Queen Henuttawy was of pivotal importance in Egyptian history and helped engineer a smooth transition from the New Kingdom to the Third Intermediate Period. She could be seen as the Eleanor of Aquitaine of antiquity! The daughter of Ramesses XI, the last pharaoh of the Ramesside Period, she became principle wife of Pinedjem I, a High-Priest of Amen at Karnak who assumed royal titles and ruled Upper Egypt from Thebes, while another Dynasty ruled in the Delta at Tanis. It was her son who became Pharaoh as Psusennes I at Tanis and re-unified Egypt.
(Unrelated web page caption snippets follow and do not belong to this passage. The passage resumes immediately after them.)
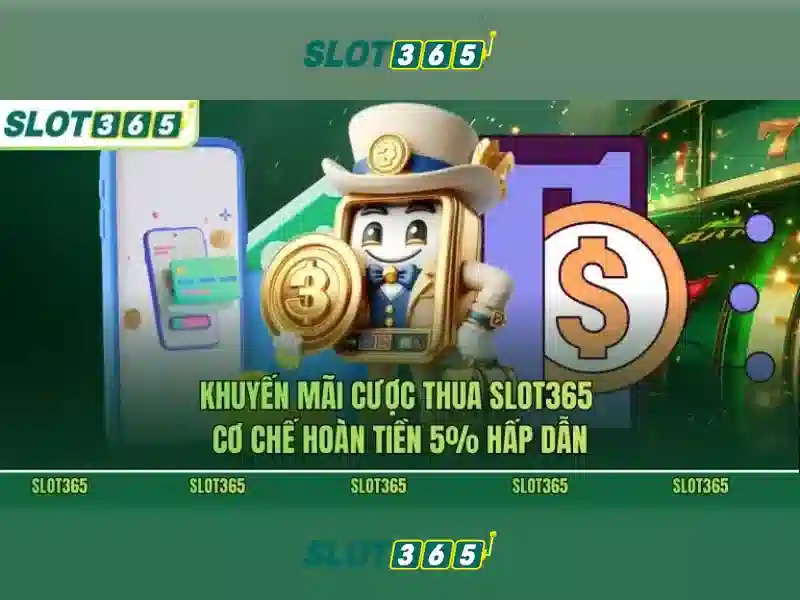 Slot365 Xổ Số – Các Loại Hình Đa Dạng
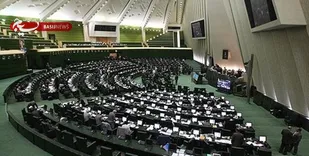 دستور جلسات کمیسیون&zwnj;های مجلس/ بررسی تمدیدات امنیتی انتخابات و بازدید نمایندگان از آب سنگین اراک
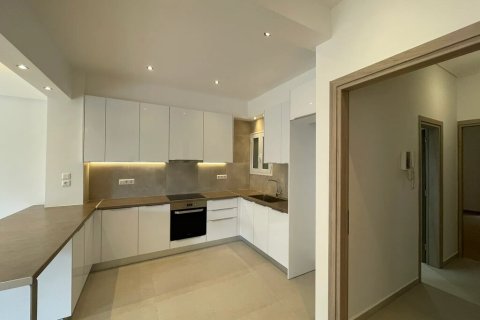 2 bedrooms Apartment in Athens, Greece No. 120715 2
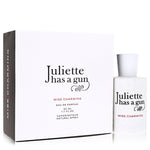 Miss Charming by Juliette Has a Gun Eau De Parfum Spray 1.7 oz for Women FX-534689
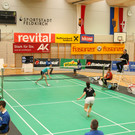 IMG_5225_JPG-1359921219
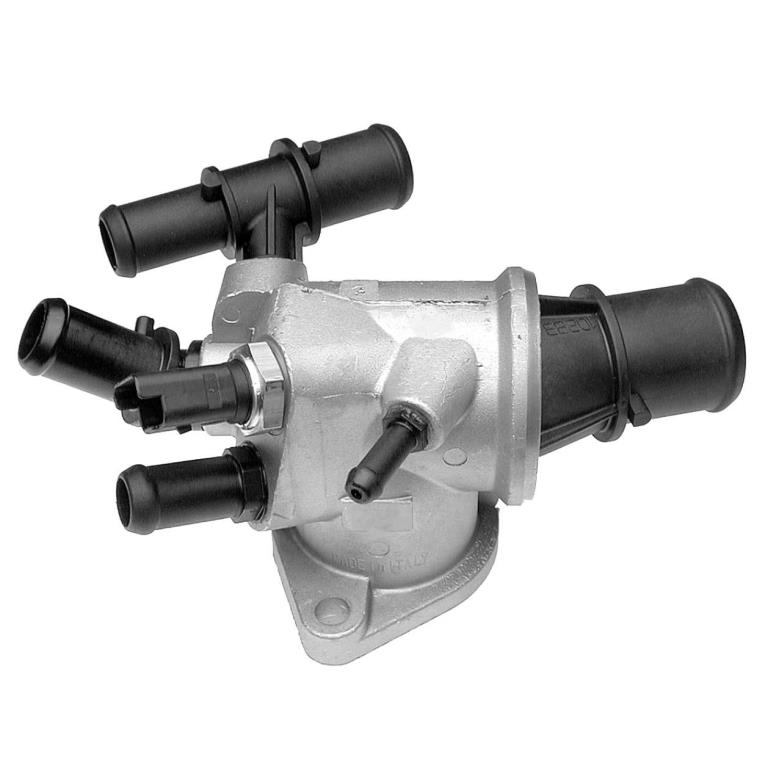 Thermostat d'eau (Calorstat) GATES TH28888G1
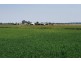 Crowley Vale QLD 4342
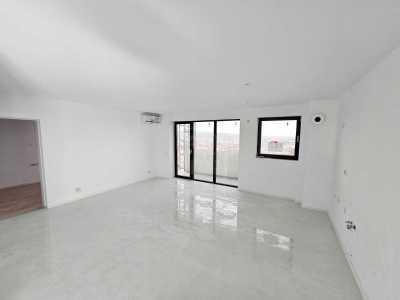 Apartament de vânzare 2 camere, APCJ247448FLO-3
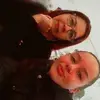 janetrast - @janetrast - TikTok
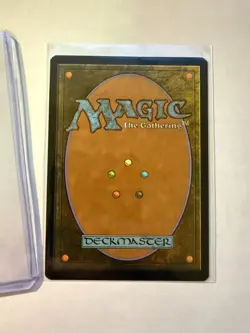 NM Pernicious Deed - Masters 25 MTG - Image 2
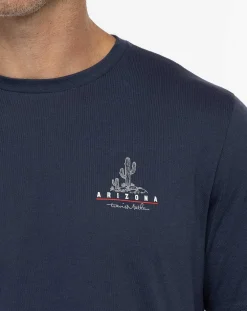 TravisMathew Tees><noscript><img width=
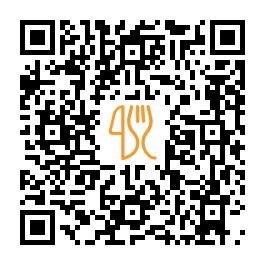 QR-code link către meniul Paroletto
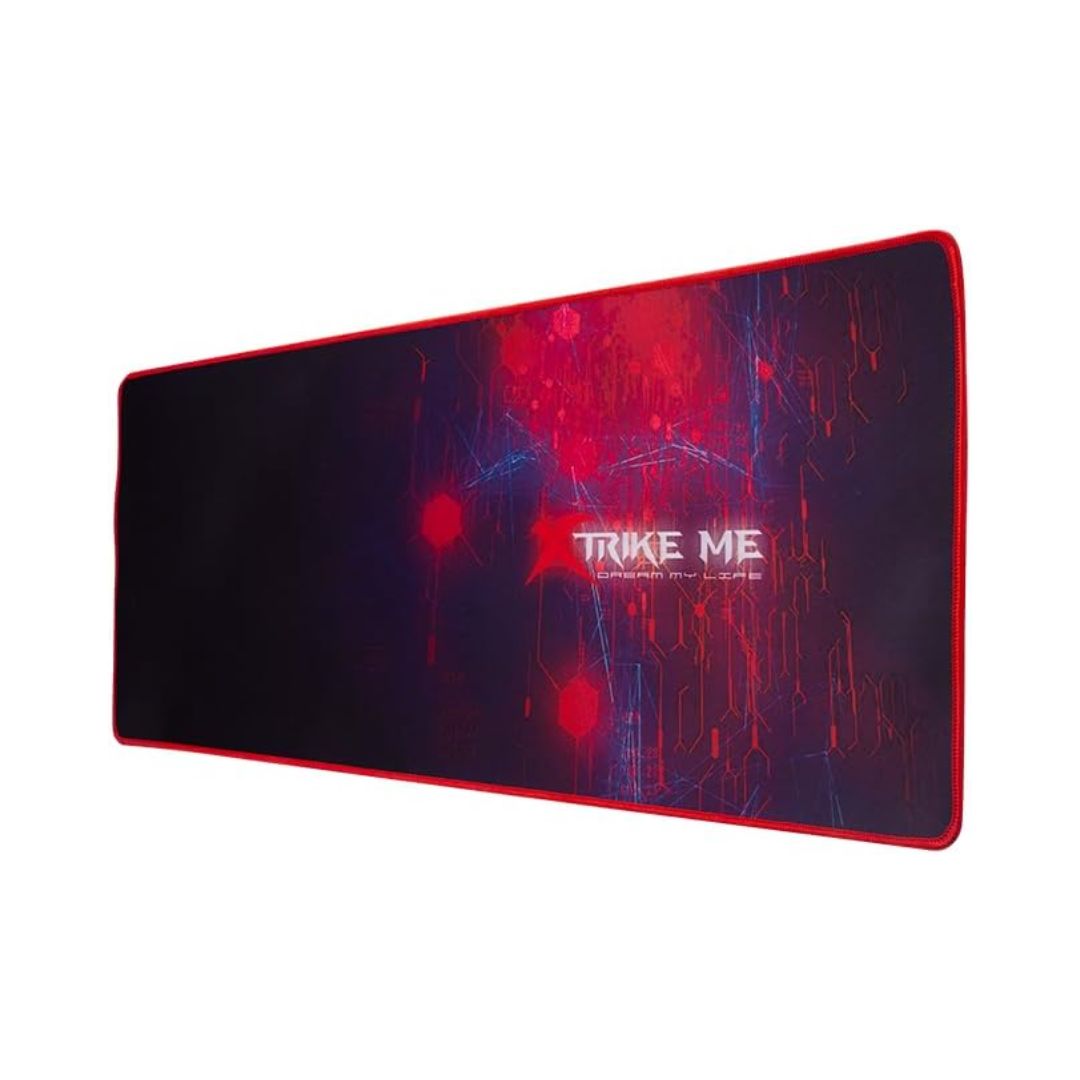 MOUSEPAD XTRIKE ME MP-206 XL
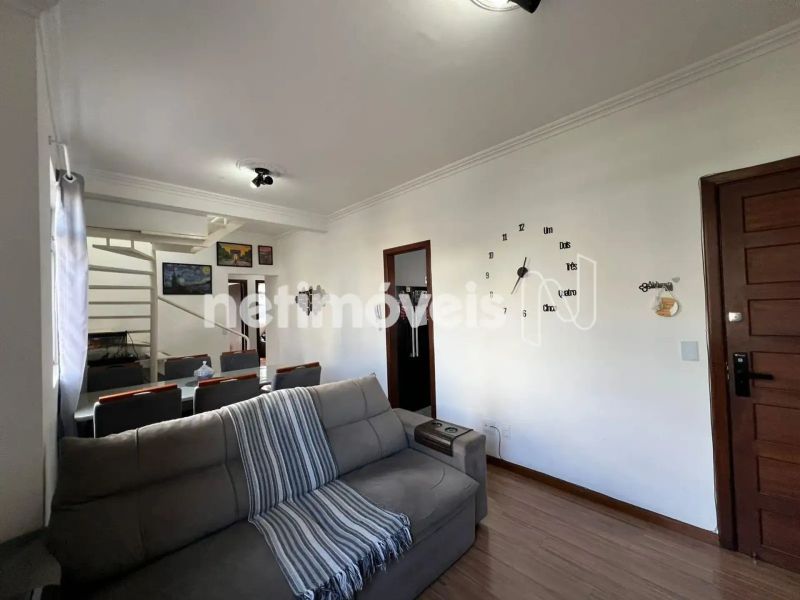 Foto 37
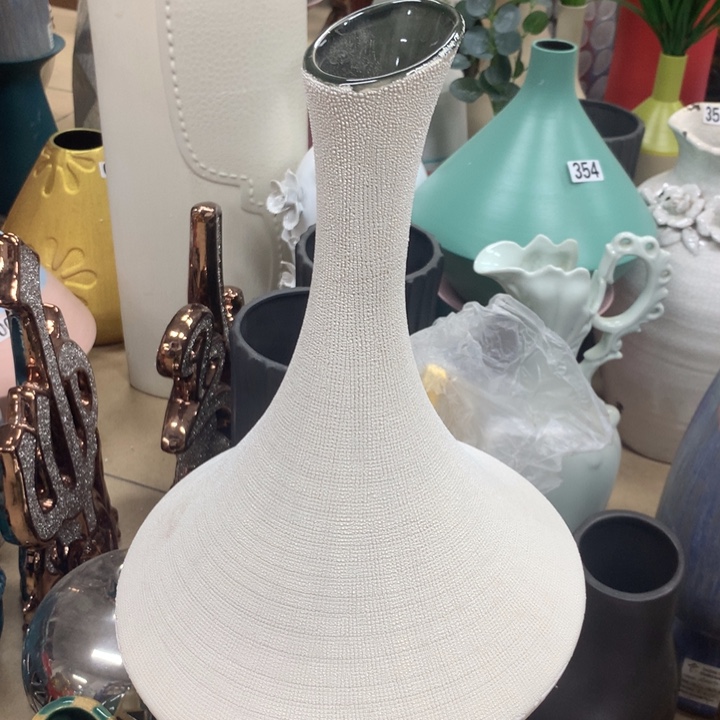 摆件陶瓷。。。。。。。。。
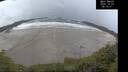 ./images/calvert/beach/20251023/beach20251023_081001M.jpg
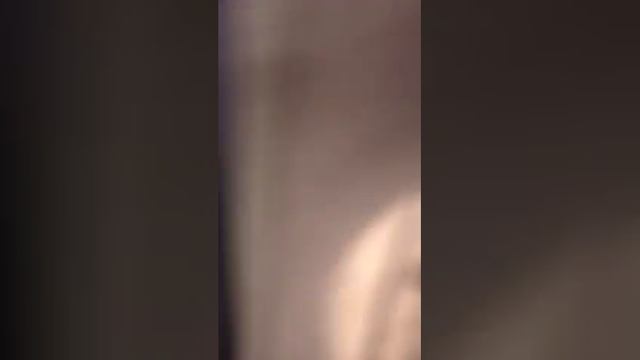 Прорыв дамбы Свердлово Караганда 2 смотреть онлайн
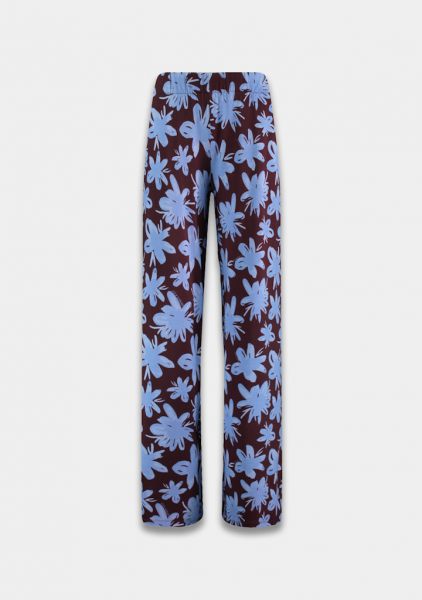 Harper & Yve broek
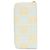 Louis Vuitton Damier Heritage Zippy Wallet White - view 2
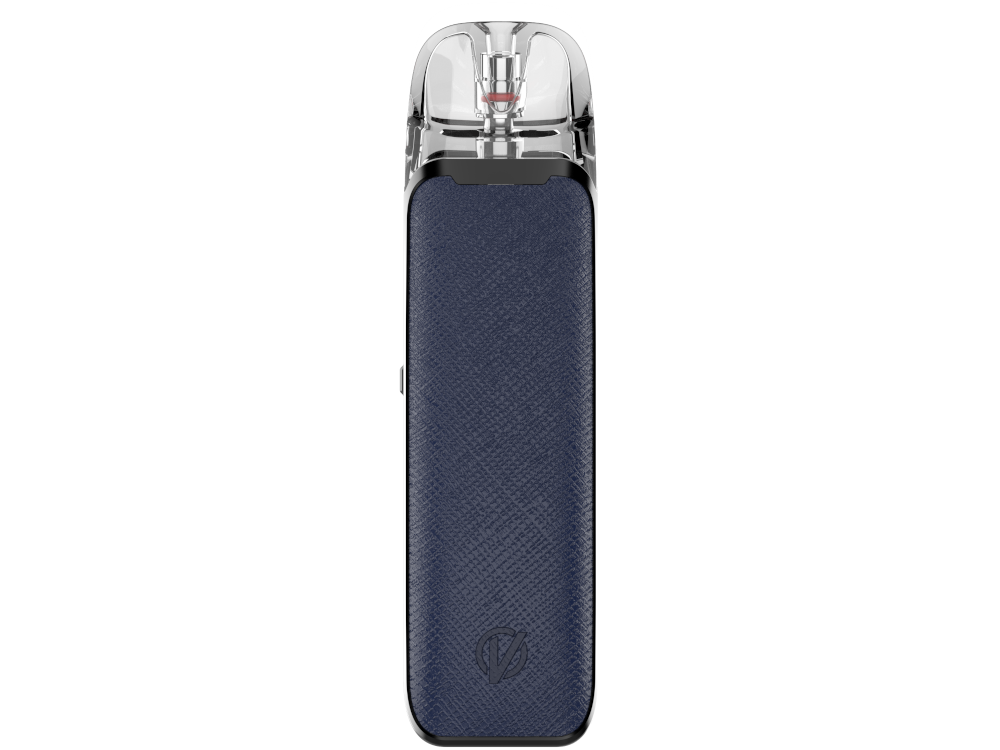 Vaporesso - LUXE Q3 - E-Zigaretten Set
Her many titles, include: King's Daughter; King's Wife; King's Mother; Lady of the Two Lands; Mistress of the Two Lands; Daughter of the Great Royal Wife; Foremost Singer of Amun; Mother of the Great Royal Wife; Mother of the High Priest of Amun; Mother of Generalissimo.
She is depicted on the shabti wearing a traditional black tripartite wig with a uraeus and her arms are crossed, right over left, on her chest. In each hand she holds a hoe at the shoulder with a large seed bag at the back, all painted in black. A column of black painted hieroglyphic inscription with a cartouche runs down the lower body, reading: “The illuminated one, the Osiris, the 'King's Wife' Henut-tawy.”
Even more interesting is the modern history of the shabti. It was part of the famous first cache of royal mummies discovered at Deir el Bahri in 1881 and brought to the Cairo Museum by Gaston Maspero and Emile Brugsch.